In this vignette we demonstrate different ways in which longitudinal cluster models can be internally validated.
We explore the latrendData
dataset. This is a synthetic dataset for which the reference group of each trajectory is available, indicated by the Class
column. However, in this vignette we will assume that the true group specification and number of groups are unknown. Instead, we have a candidate model which we wish to validate internally.
data(latrendData)
head(latrendData)
#> Id Time Y Class
#> 1 1 0.0000000 -1.08049205 Class 1
#> 2 1 0.2222222 -0.68024151 Class 1
#> 3 1 0.4444444 -0.65148373 Class 1
#> 4 1 0.6666667 -0.39115398 Class 1
#> 5 1 0.8888889 -0.19407876 Class 1
#> 6 1 1.1111111 -0.02991783 Class 1
Specify the package options to adopt the respective column names of the loaded dataset, for convenience.
We consider a KML model with 3 clusters to be our candidate model that we will validate. We defined the method with a reduced number of repeated random starts (as indicated by the nbRedrawing
argument) in order to reduce the computation time needed in the repeated evaluations below. This is only done for demonstration purposes.

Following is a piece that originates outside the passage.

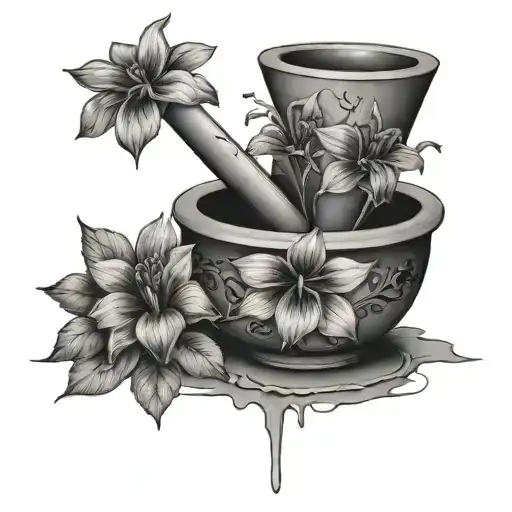 cracked mortar and pestle, flowers growing tattoo design idea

kml <- lcMethodKML("Y", nClusters = 3, nbRedrawing = 5)
kml
#> lcMethodKML as "longitudinal k-means (KML)"
#> nbRedrawing: 5
#> maxIt: 200
#> imputationMethod:"copyMean"
#> distanceName: "euclidean"
#> power: 2
#> distance: function() {}
#> centerMethod: meanNA
#> startingCond: "nearlyAll"
#> nbCriterion: 1000
#> scale: TRUE
#> response: "Y"
#> time: getOption("latrend.time")
#> id: getOption("latrend.id")
#> nClusters: 3
The purpose of model validation is essentially to identify that the model is robust and generalizes well to unseen data. A necessary condition for these aspects is that the model is reproducible on the original training data. This evaluation helps to ensure that the model estimation procedure is robust, i.e., does not yield spurious model solutions.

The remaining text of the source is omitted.